Provided records ::
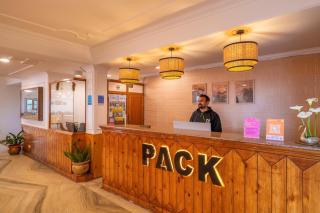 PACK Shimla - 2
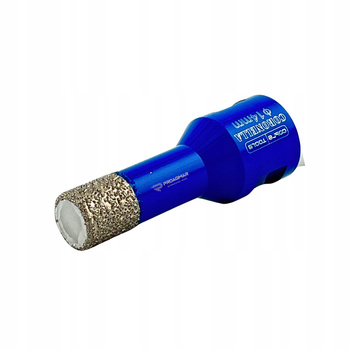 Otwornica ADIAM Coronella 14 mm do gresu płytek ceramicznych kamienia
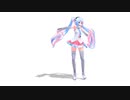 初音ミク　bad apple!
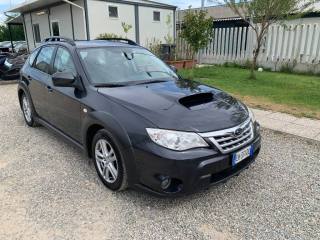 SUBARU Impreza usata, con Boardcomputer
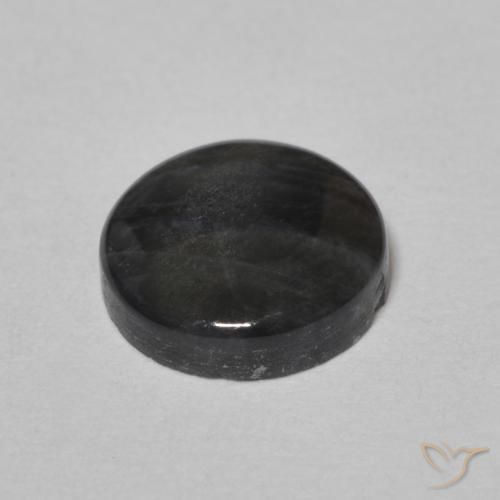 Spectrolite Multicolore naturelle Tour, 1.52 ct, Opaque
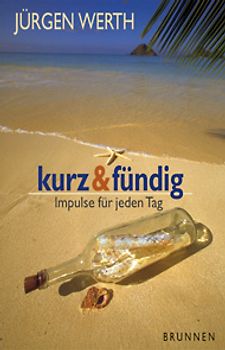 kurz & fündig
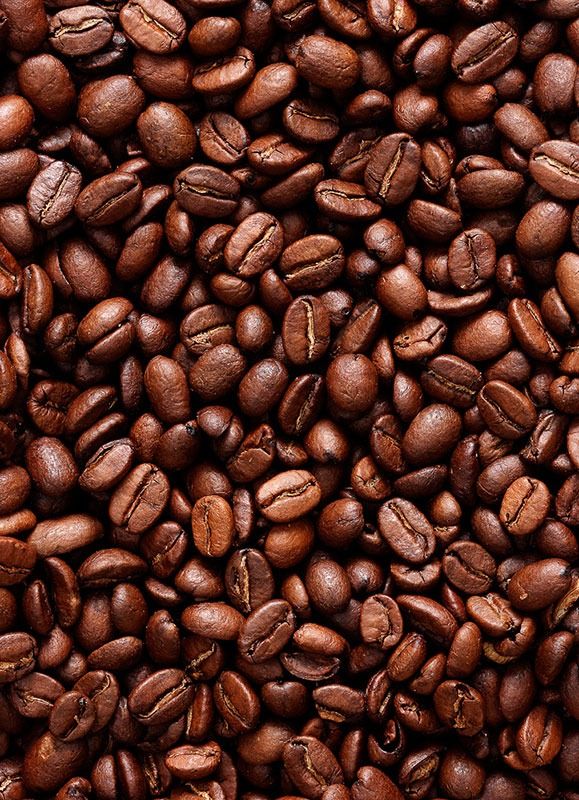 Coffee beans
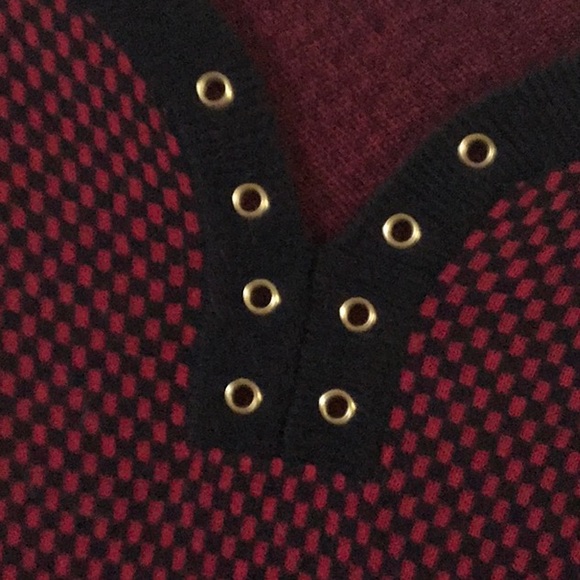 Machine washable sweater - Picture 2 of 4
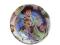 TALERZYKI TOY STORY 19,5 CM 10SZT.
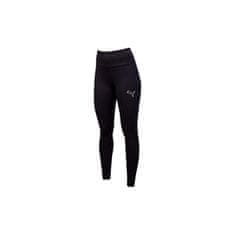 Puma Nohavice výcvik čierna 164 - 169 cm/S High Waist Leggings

Task to complete ::
Without any pictures, return the material above exactly.

Written answer ::
 PACK Shimla - 2
 Otwornica ADIAM Coronella 14 mm do gresu płytek ceramicznych kamienia
 初音ミク　bad apple!
 SUBARU Impreza usata, con Boardcomputer
 Spectrolite Multicolore naturelle Tour, 1.52 ct, Opaque
 kurz & fündig
 Coffee beans
 Machine washable sweater - Picture 2 of 4
 TALERZYKI TOY STORY 19,5 CM 10SZT.
 Puma Nohavice výcvik čierna 164 - 169 cm/S High Waist Leggings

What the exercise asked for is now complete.